Os Escritos Secretos / The Secret Scripture

Nota: ★★☆☆

Os Escritos Secretos/The Secret Scriptures é um daqueles filmes que a gente começa a ver com a certeza de que virá coisa boa. O diretor (e também co-autor do roteiro) é Jim Sheridan, um irlandês de filmografia admirável, impressionante.

Sheridan dirigiu Meu Pé Esquerdo (1989), Em Nome do Pai (1993), O Lutador (1997), Terra de Sonhos (2002), Entre Irmãos (2009). Todos eles  filmes muito bons. Tem nada menos que seis indicações ao Oscar.

O elenco tem a deusa Vanessa Redgrave e a jovem Rooney Mara, mais Eric Bana e Susan Lynch.

É um drama pesado, duro: Venessa e Rooney interpretam a mesma personagem, Roseanne McNulty, uma mulher que, em 1942, foi internada num hospício no interior da Irlanda, após ter sido acusada de matar com pedradas seu filho recém-nascido, e lá ficou ao longo de mais de 50 anos.

Por mais de 50 anos, afirmou ser inocente, garantiu não ter matado o filho.
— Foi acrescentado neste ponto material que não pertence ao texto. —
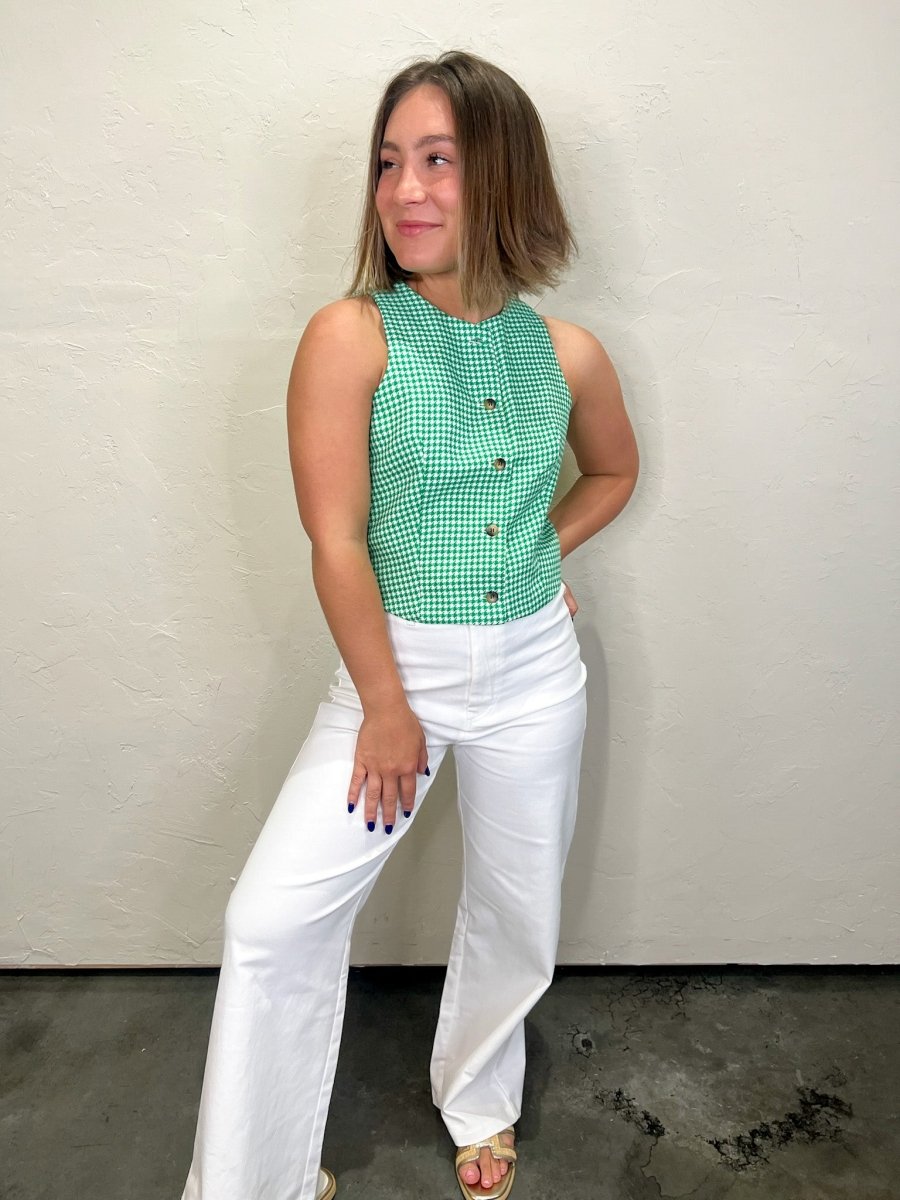 Busy Woman Vest - Green - Revel Boutique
Por décadas, foi tratada com drogas e choques elétricos.

Quando a ação do filme começa, o imenso prédio do hospício – mantido, ao menos em parte, pela Igreja Católica – havia sido vendido a um grupo que iria transformá-lo no hotel chique, um spa. Os últimos internados ali teriam que ser levados para outros lugares. Não havia nenhum familiar que quisesse cuidar de Rose. Mas uma carta do arcebispo da região pedia que, antes de ser retirada à força do lugar e encaminhada a alguma outra instituição, Rose fosse examinada por um psiquiatra específico, um profissional respeitado, o dr. Greene (o papel de Eric Bana).

A ação vai e vem no tempo

Rose é uma velha cheia de tiques, manias, que de fato parece, à primeira vista, louca de pedra. Mas o dr. Greene é um sujeito cuidadoso, atencioso, e leva a sério o pedido que havia sido feito a ele para examinar a paciente.
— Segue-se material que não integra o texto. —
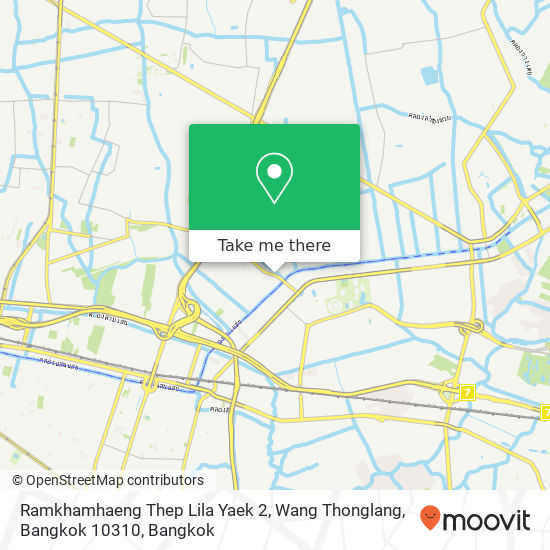Ramkhamhaeng Thep Lila Yaek 2, Wang Thonglang, Bangkok 10310 map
Começa a chegar perto da mulher. A princípio, Rose não quer saber, mas depois começa a ceder. Na aproximação com Rose, o psiquiatra tem a ajuda de uma jovem enfermeira de coração bom, dedicada, que tem simpatia pela velhinha cheia de manias – o papel de Susan Lynch.
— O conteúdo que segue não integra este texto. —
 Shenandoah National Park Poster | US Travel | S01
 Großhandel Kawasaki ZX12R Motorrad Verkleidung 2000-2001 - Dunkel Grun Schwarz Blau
A chave para se conhecer Rose e seu passado é uma velhíssima Bíblia, na qual Rose foi, nos espaços em branco no alto, na parte de baixo,  nas laterais, escrevendo um diário. Um diário escrito ao longo de mais de 50 anos, nas beiradas de uma velha Bíblia. Daí o título original, The Secret Scriptures.

(Aparentemente, o filme não foi lançado no circuito comercial brasileiro. Passou na TV a cabo com o título de Os Escritos Secretos – um título distante do original, já que “escrituras” é algo bem diferente de “escritos”.)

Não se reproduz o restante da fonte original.